Information =
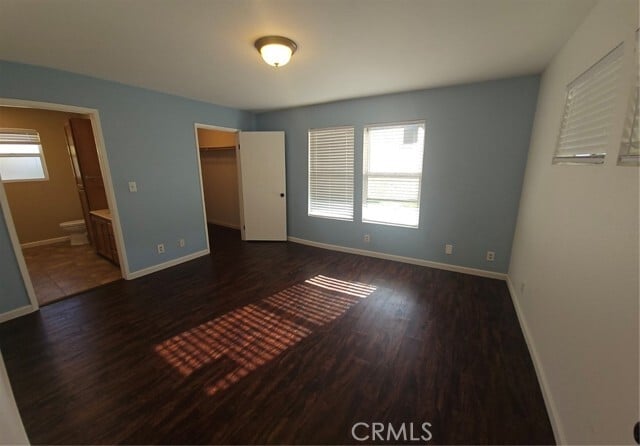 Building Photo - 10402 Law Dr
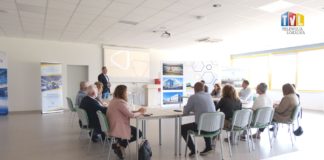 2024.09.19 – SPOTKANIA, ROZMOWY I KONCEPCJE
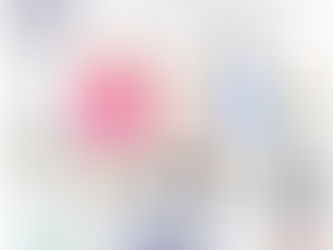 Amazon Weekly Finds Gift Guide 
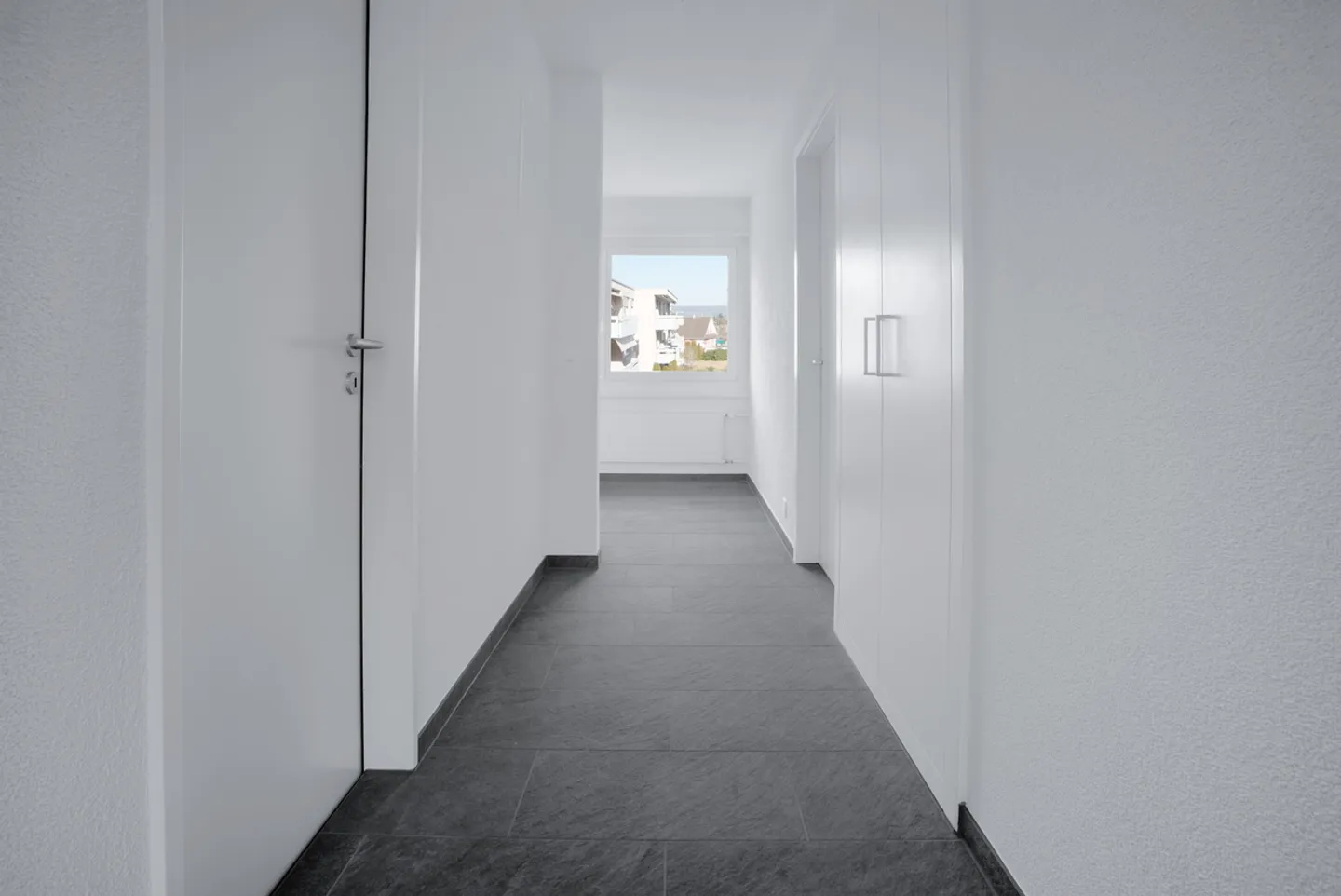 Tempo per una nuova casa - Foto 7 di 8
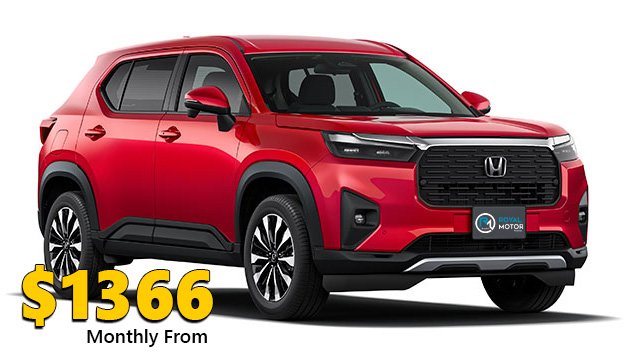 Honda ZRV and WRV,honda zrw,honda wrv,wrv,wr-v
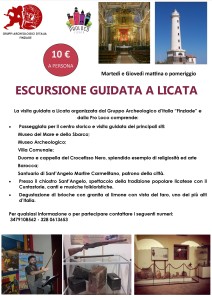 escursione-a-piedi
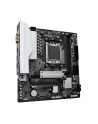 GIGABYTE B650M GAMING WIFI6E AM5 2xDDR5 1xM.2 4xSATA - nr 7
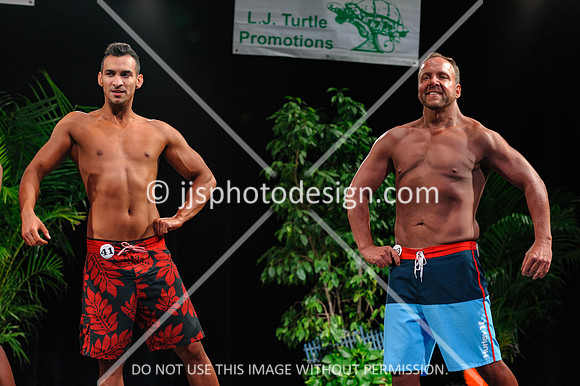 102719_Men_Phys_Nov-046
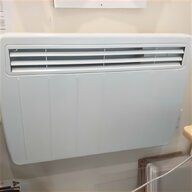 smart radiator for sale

Work instructions = In your transcription of the listing above, match each line exactly and include no pictures.

Answer for this exercise =
 Building Photo - 10402 Law Dr
 2024.09.19 – SPOTKANIA, ROZMOWY I KONCEPCJE
 Amazon Weekly Finds Gift Guide 
 Tempo per una nuova casa - Foto 7 di 8
 Honda ZRV and WRV,honda zrw,honda wrv,wrv,wr-v
 escursione-a-piedi
 GIGABYTE B650M GAMING WIFI6E AM5 2xDDR5 1xM.2 4xSATA - nr 7
 102719_Men_Phys_Nov-046
 smart radiator for sale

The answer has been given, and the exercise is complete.